M. shares her thoughts on today’s earthquake.
Today’s earthquake didn’t quite scare me. Neither am I rattled by the thought of an earthquake hitting New York.
The whole thing only surprised me. There we were, regaled by near-fall weather, a lot of Sun mingled with the perfect breeze, the sky cloudless, the humidity gone, and only a small fan whirring in the room.
And then, the ground shook. At first, I thought the neighbor’s baby was thumping on the floor. Within seconds, the shaking seemed to grow into something more than a baby thump. I felt a little jolt under my feet as I was sitting on a chair, working on my laptop.
T. screamed, “It’s an earthquake!” I nonchalantly dismissed her proposition. There can’t be an earthquake in Brooklyn (though three years ago, a tornado barreled along across from our apartment), I thought. Nonetheless, in my incredulity, I followed T. down the stairs and out into the street, half hoping to go back up again soon.

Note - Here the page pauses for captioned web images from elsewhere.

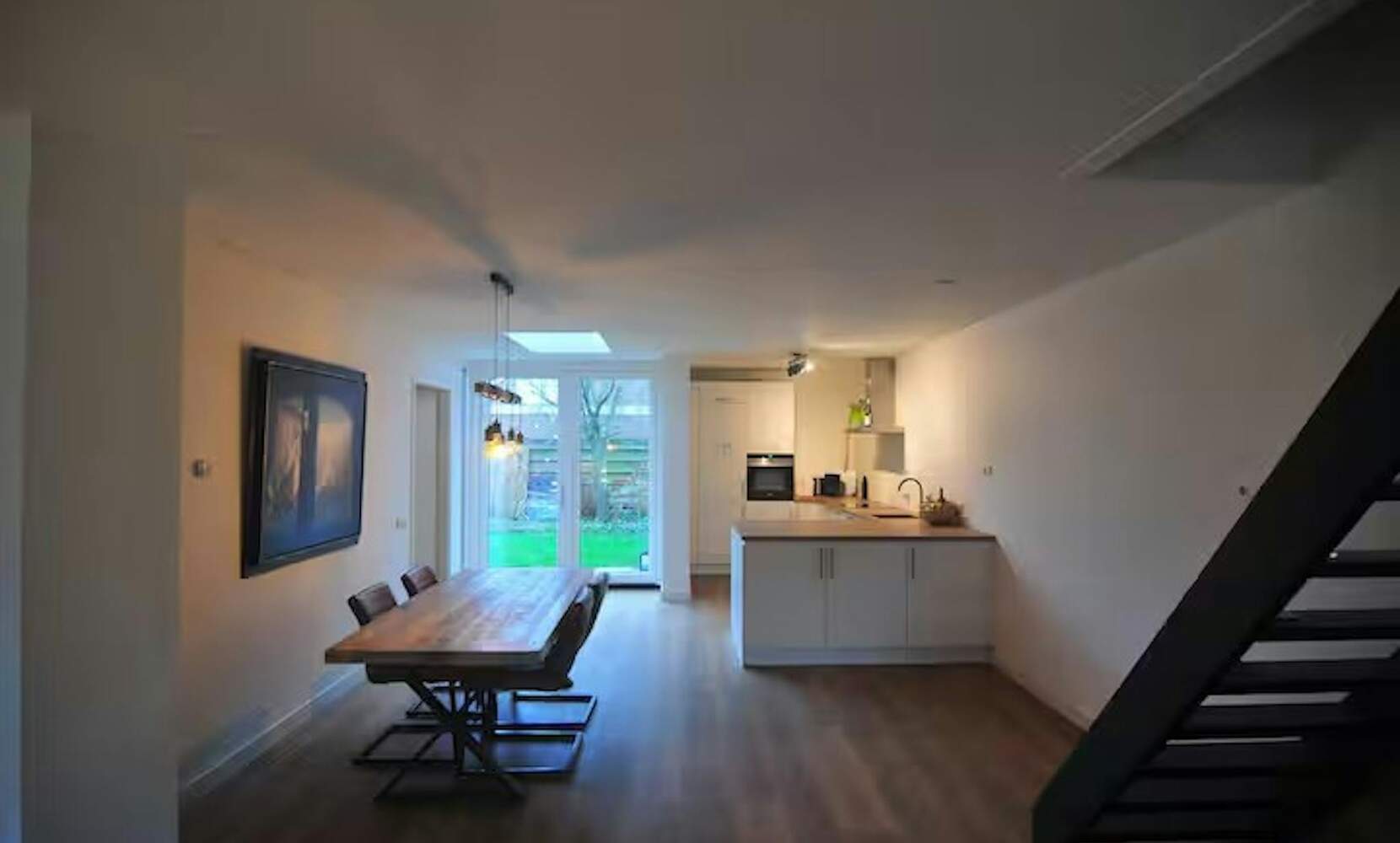 Image 2 of 10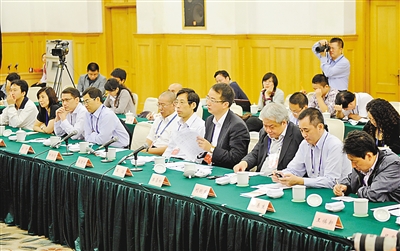 黃奇帆:要通過法治讓我們的事業持續穩定地發展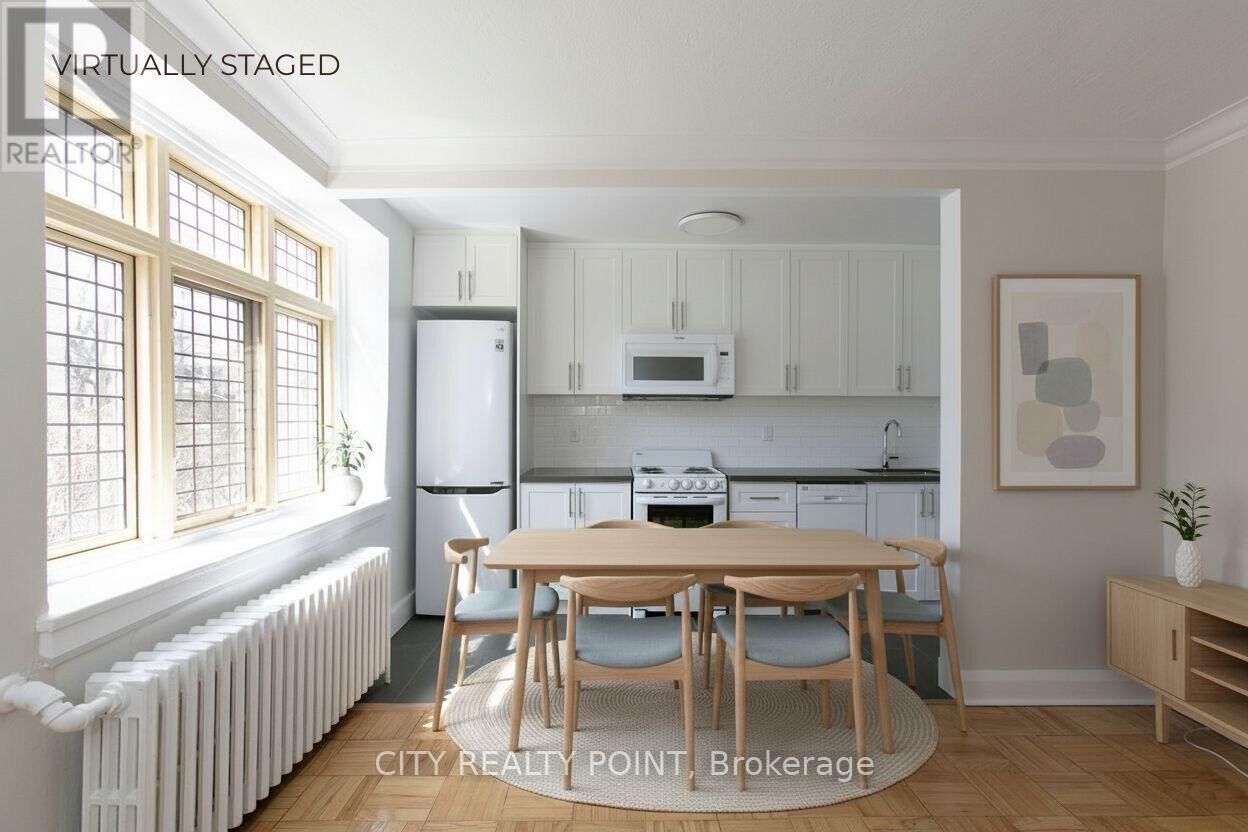 Photo de la propriété:  398 Avenue Road 423  ON M4V 2H4 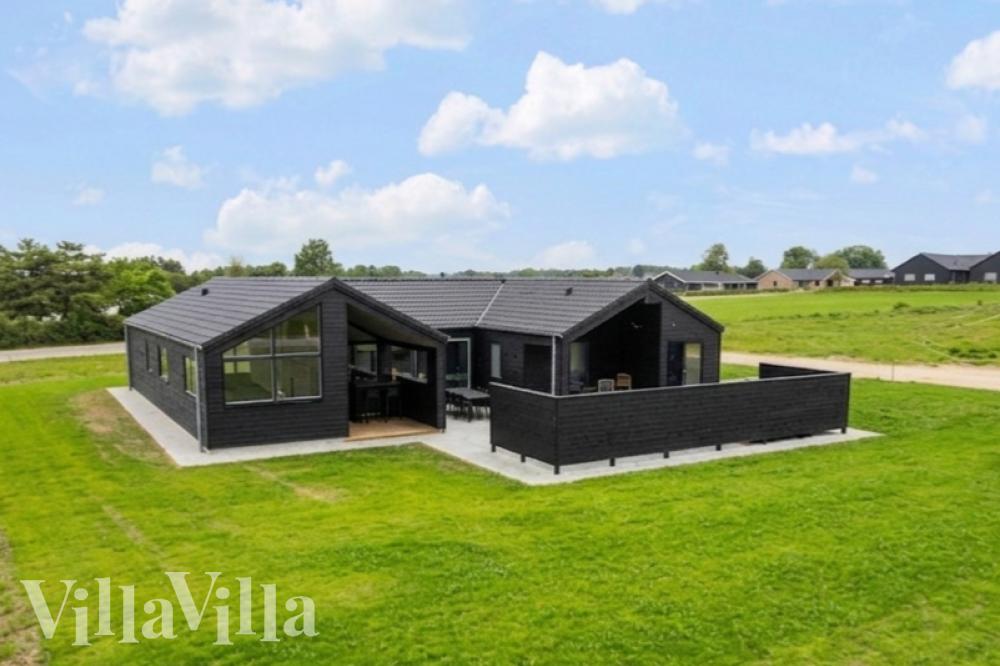 Dette lekre huset med spa, nr. 987, med plass til 12 personer, ligger i Bornholm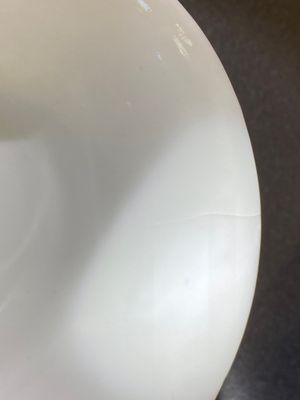 Three Chinese monochrome pink bowls, Qianlong mark, 19/20th C. — photo 7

People had gathered outside. That was the earthquake protocol: to get out of the house, the office, and stand under the naked sky, lest a building fall on us and pulverize our bones. After a while, we went back up again, but T. was visibly shaken. I desperately wished I was shaken too, so I could join her in the feeling, but I honestly didn’t feel a strand of fear on me.
What to do? Sometimes the proper feeling simply, eludes us.
Lastly, T. and I both got busy checking for media updates on the mild quake that spooked had millions. Now, there’s talk of an aftershock, which like Godot, might never come.